Stal Mielec, odkąd wróciła do ekstraklasy, jest skazywana jako jeden z głównych kandydatów do spadku. Jednak zarząd Stali wykonuje pracę wzorowo i od sezonu 20/21 utrzymuje się w lidze, a dodatkowo nie ma żadnych długów.
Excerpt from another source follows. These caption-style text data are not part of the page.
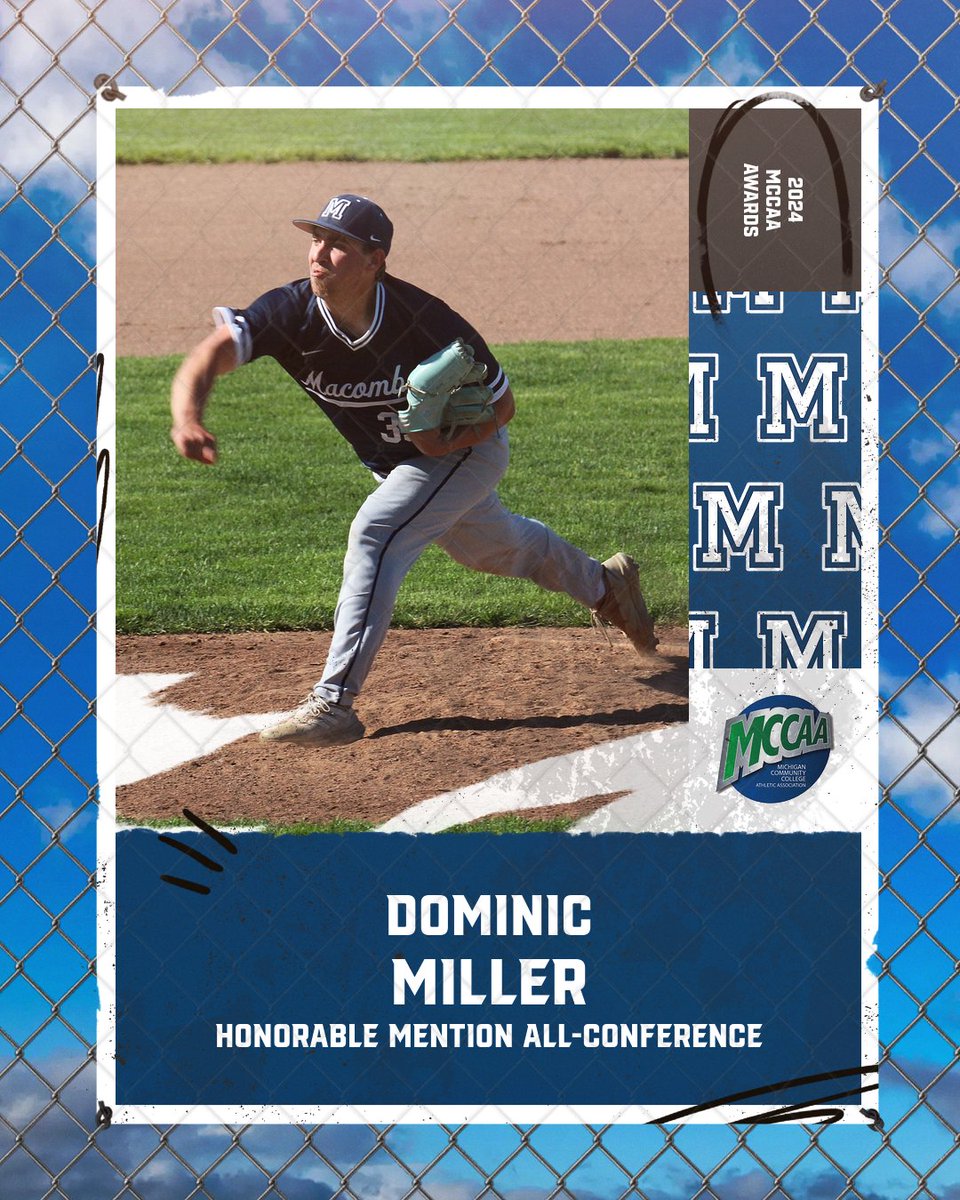 HONORABLE MENTION 🫡

Came through wherever and whenever called upon! <a href="/_DomMiller_/">Dominic Miller</a> earns Honorable Mention All-Conference honors to wrap up a solid freshman season!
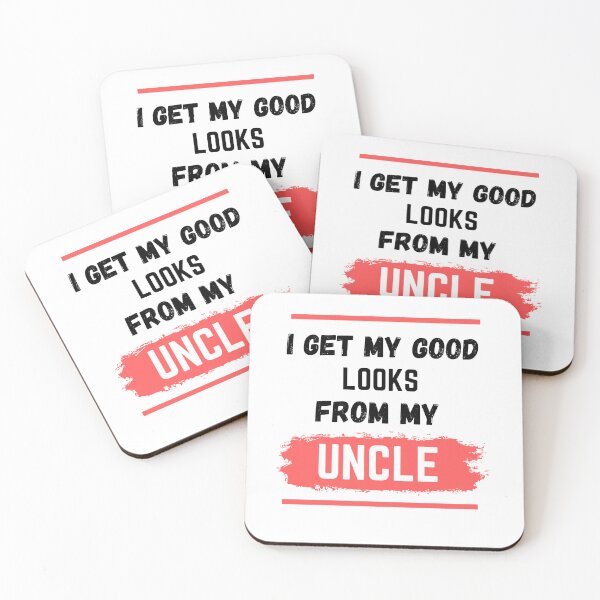 Item preview, I GET MY GOOD LOOKS FROM MY UNCLE - funny uncle baby designed and sold by MiKy1997.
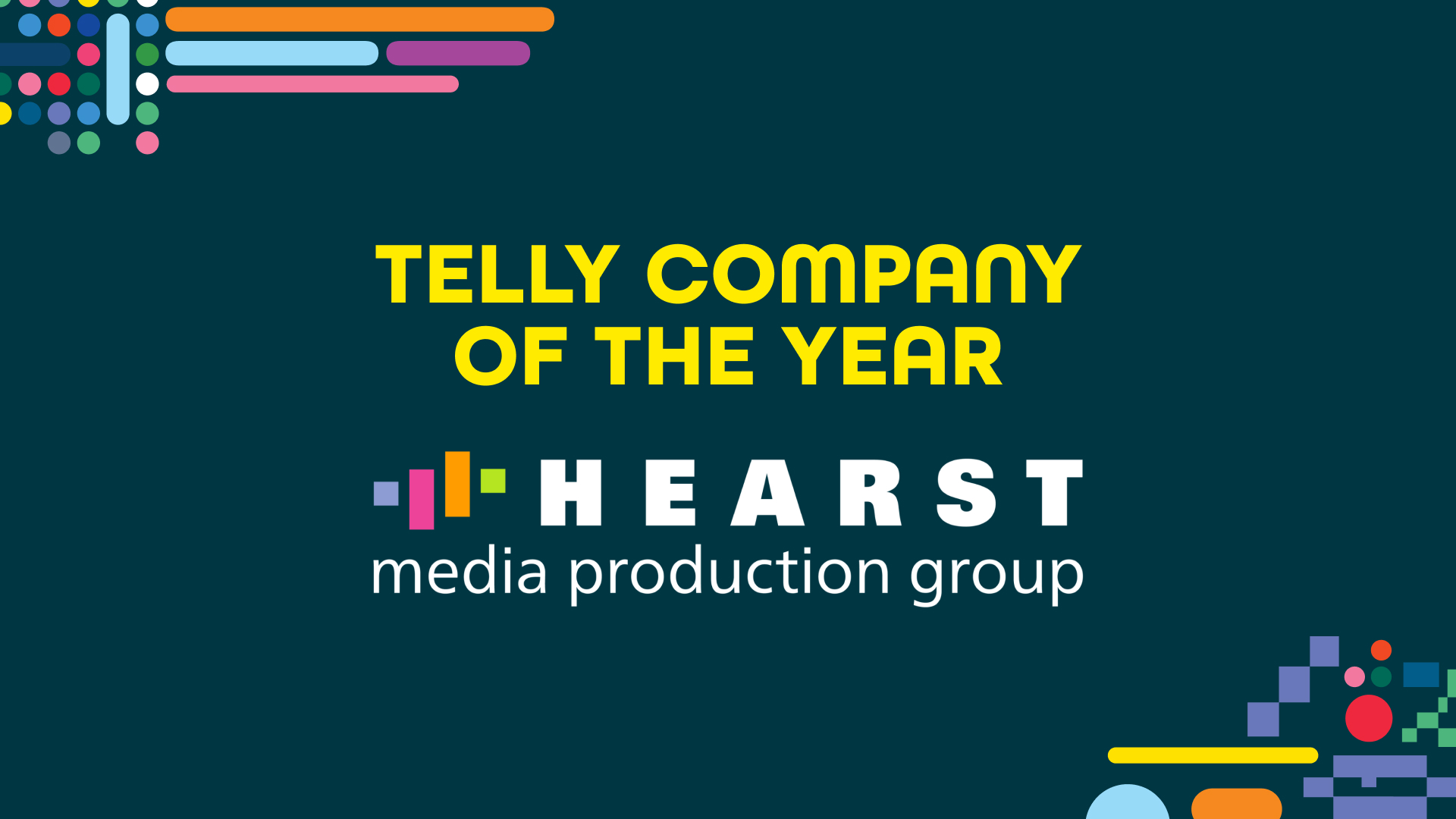 Hearst is Telly Company of Year 2023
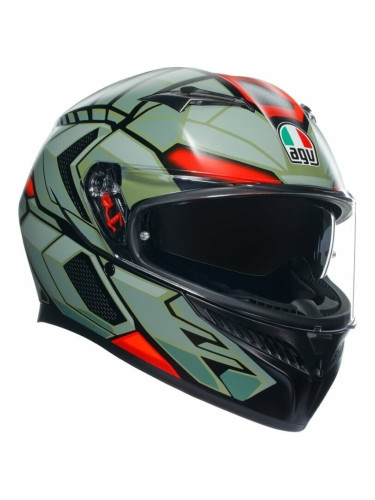 AGV K3 Decept Matt Black/Green/Red XL Каска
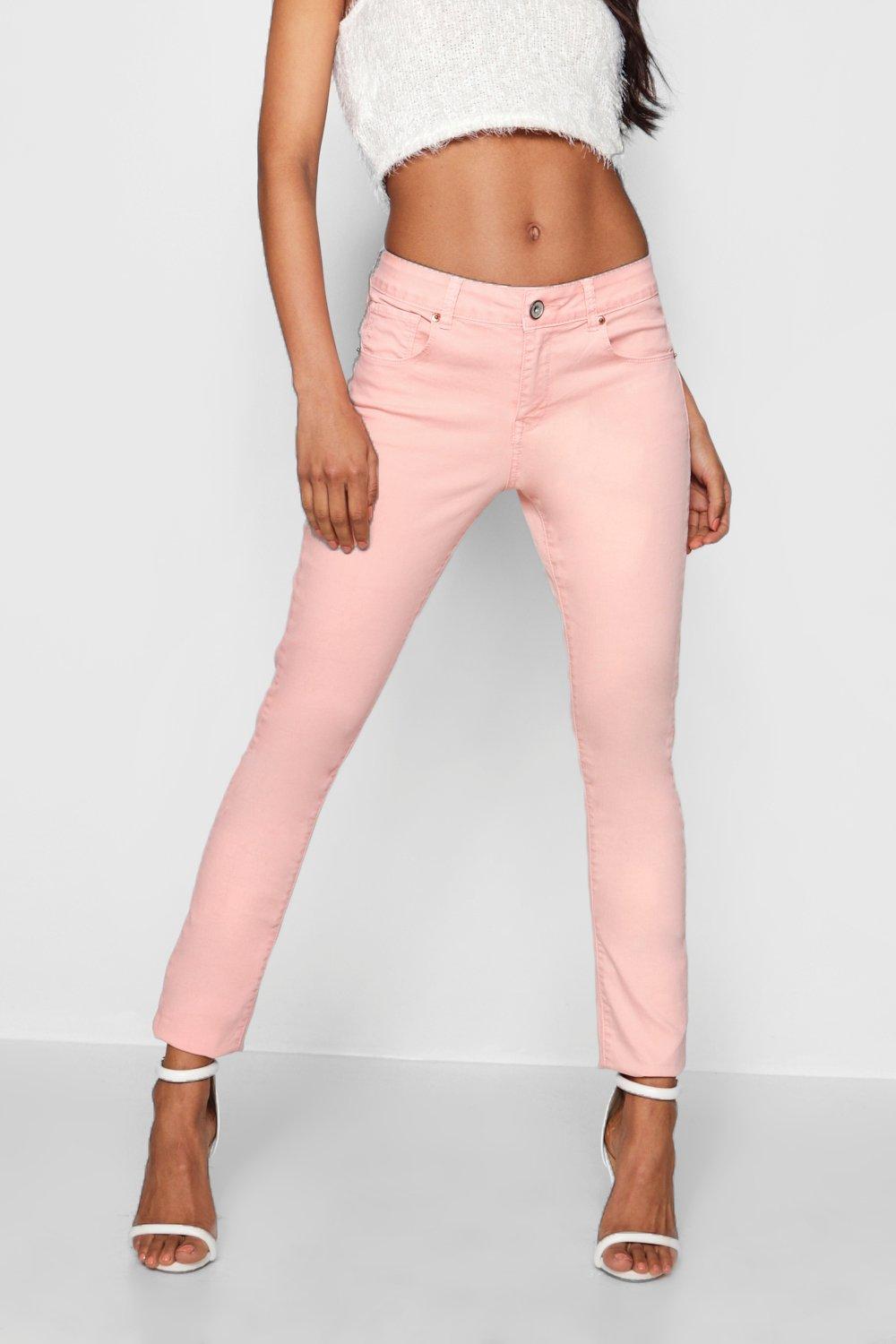 pink skinny jeans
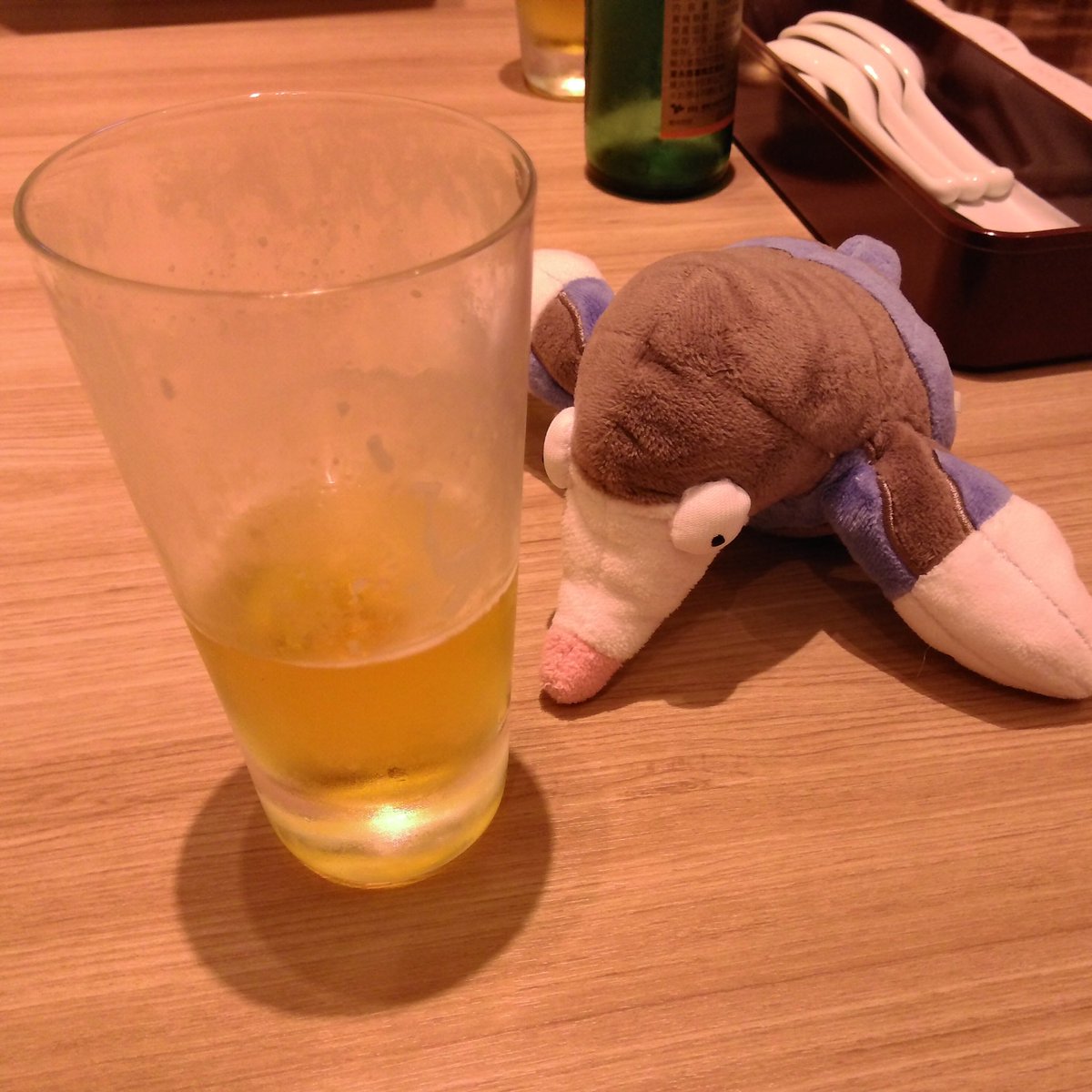 ひとくち　のんじゃった…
Ekipa wcześniej wspomnianego Janusza Niedźwiedzia nie zrobiła jednak żadnych konkretnych wzmocnień, a z klubu odszedł Koki Hinokio do Łódzkiego Klubu Sportowego. Czy trener zdołał przepracować dobrze obóz przygotowawczy w Hiszpanii? To okaże się w pierwszej kolejce rundy rewanżowej, na wyjeździe w Katowicach, podczas meczu z GKS-em Katowice. Do klubu przyszli Natan Niedźwiedź i Pyry Hynolla (wypożyczenie).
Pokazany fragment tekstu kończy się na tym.